SINGAPORE, May 23 (Xinhua) -- Singapore's Consumer Price Index (CPI) grew 0.8 percent year on year in April, following 0.6 percent increase in March, said the Ministry of Trade and Industry (MTI) and Monetary Authority of Singapore (MAS) in a joint release on Thursday.
The authorities attribute the higher inflation to a pickup in private road transport costs in April.
Meanwhile, the MAS Core Inflation, which excludes the costs of accommodation and private road transport, further eased from 1.4 percent in the previous month to 1.3 percent this April on a year-on-year basis, as a fall in the cost of electricity and gas and lower food inflation more than offset higher services inflation, said the authorities.

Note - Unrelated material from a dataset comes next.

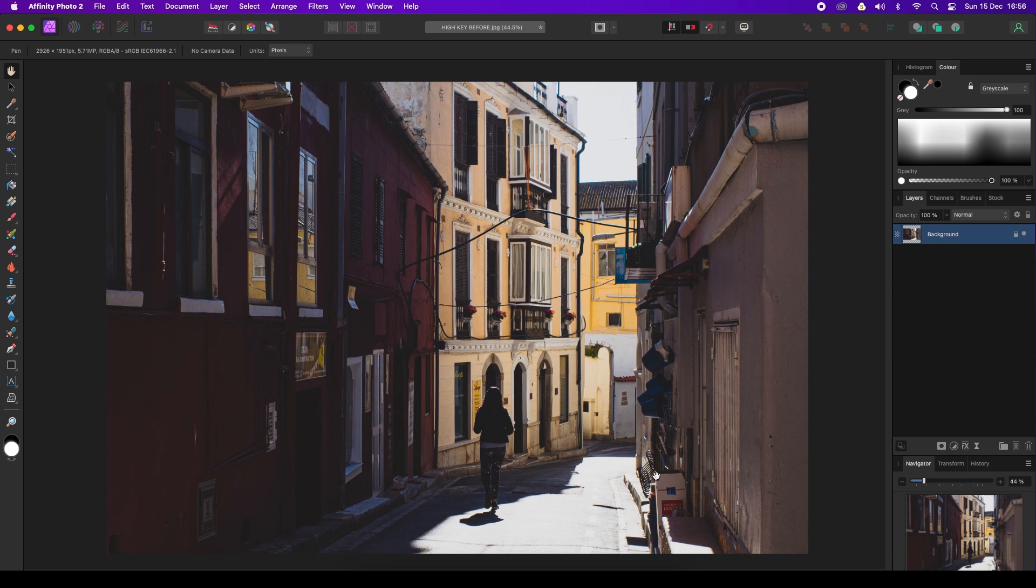While you could try this technique with any of your street photography images gathering dust on a hard drive, some situations will give you a head start. Frames that already contain hard, high-contrast lighting will be easier to enhance and will benefit more from the black and white conversion. So let's see how this technique comes together.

The authorities predict in the release that an acceleration in inflationary pressures on Singapore is unlikely against the backdrop of slower GDP growth, uncertainties in the global economy, as well as the continuing restraining effects of MAS' monetary policy tightening in 2018.
MAS Core Inflation is expected to come in near the mid-point of the forecast range of 1-2 percent in 2019, while Singapore's CPI inflation is expected to average 0.5-1.5 percent, according to the joint release.
Selena Ling, Head of Treasury Research & Strategy, OCBC Bank, said that the bank sees some upside risks to headline CPI prints for the remainder of 2019, but this is unlikely to tilt MAS policy bias in the interim as core inflation is still easing.
"Given that crude oil prices had collapsed from around 80-85 U.S. dollars per barrel for WTI and Brent in October 2018 to around 43-50 dollars per barrel by late December last year, this would translate into double-digit year-on-year increases for oil-related items even if they hold around current levels of 61-70 dollars per barrel," she said.